Yes, there were some mitigating factors. Q3 was a disappointing quarter for Apple iPhone sales, because consumers were waiting for the iPhone 5. Samsung’s shipments were sales into the channel, not end-user sales. Samsung’s smartphone sales include some Windows phones. And, yes, Apple will likely have a monster Q4 on the back of the iPhone 4S.
But still…
Android has now blasted past iOS in the smartphone platform market. Samsung has now blasted past Apple in the global handset market. Samsung and Motorola phones have now come very close to the iPhone in terms of design and performance, so much so that even some former Apple fanatics are defecting to Android. And Android has become an increasingly viable and important platform for developers (and, if past is prologue, is on its way to becoming the most important).
No matter how you look at it, in a race for global smartphone platform domination, this is a worrisome trend for Apple.
As the history of the tech industry has demonstrated again and again, technology platform markets tend to standardize around a single dominant platform. Although several different platforms can co-exist while a market is developing, eventually a clear leader emerges. And as it does, the leader’s power and “network effects” grow, while the leverage of the smaller platforms diminishes.

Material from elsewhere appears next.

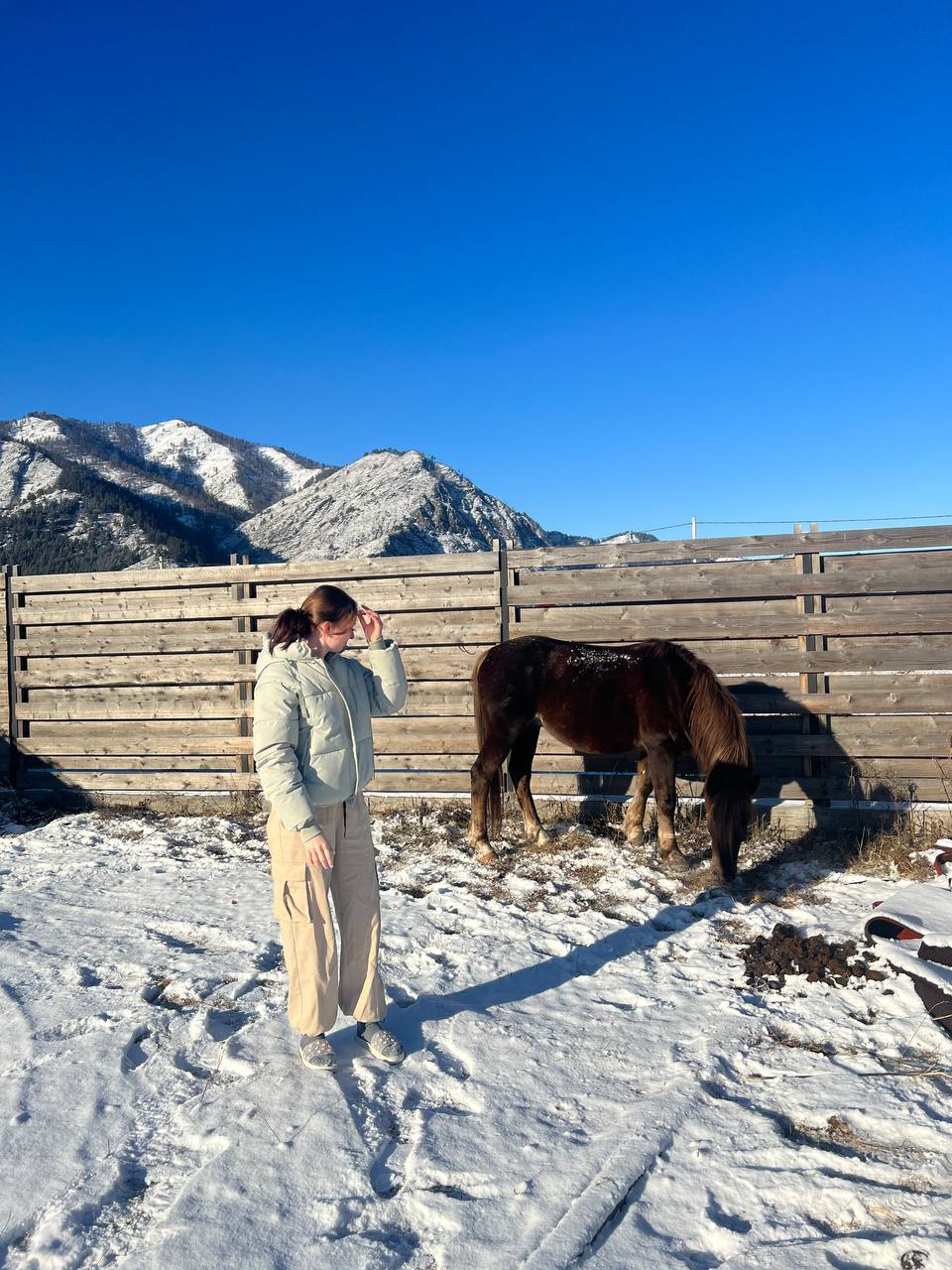 Фото Усадьба на Школьной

In the case of Android, this growing power will not lead to enormous profits for Google, because, right now anyway, Google is not selling Android. (Instead, Google is building a “moat” around its wildly profitable search business and making it easier for people to use Google search from their phones. This may change when Google acquires Motorola and starts selling integrated handsets itself.)
But the better Android phones get, and the more market share Android gains, the more Android’s network effects will increase, and the more Apple’s leverage over the iPhone ecosystem will diminish. And that can only be bad news for Apple’s ability to continue to command exploding profits from iPhones, app developers, musicians, media companies, and others who now must pay it big distribution fees because they have no other choice.
Similarly, the bigger other global handset manufacturers get relative to Apple, the less (relative) leverage Apple will have over partners in the global parts-and-manufacturing supply chains.
As we’ve noted frequently, Apple learned some key lessons after getting clobbered in the PC platform market in the 1990s. And it has three key advantages that it didn’t have then:
- Its products are priced the same as, or below, the competition (In the 1980s and 1990s, Apple’s Macs were always “premium” priced)
- The “platform” aspect of smartphones is not as all-powerful as the platform aspect of PCs, because so many apps are built into all phones and/or are cloud-based or otherwise platform agnostic, and
- Android is still a fragmented platform, with several different versions that aren’t cross-compatible, reducing the advantages of a common platform
All these advantages have helped Apple continue to thrive over the past couple of years. But Apple’s decision to move the launch of the latest iPhone back three months, as well as its decision not release a revolutionary new phone until next year, have helped Android close the gap. And the ongoing Android share gains, as well as Samsung’s blowout quarter and the disappointing Q3 iPhone sales, should be wake-up calls.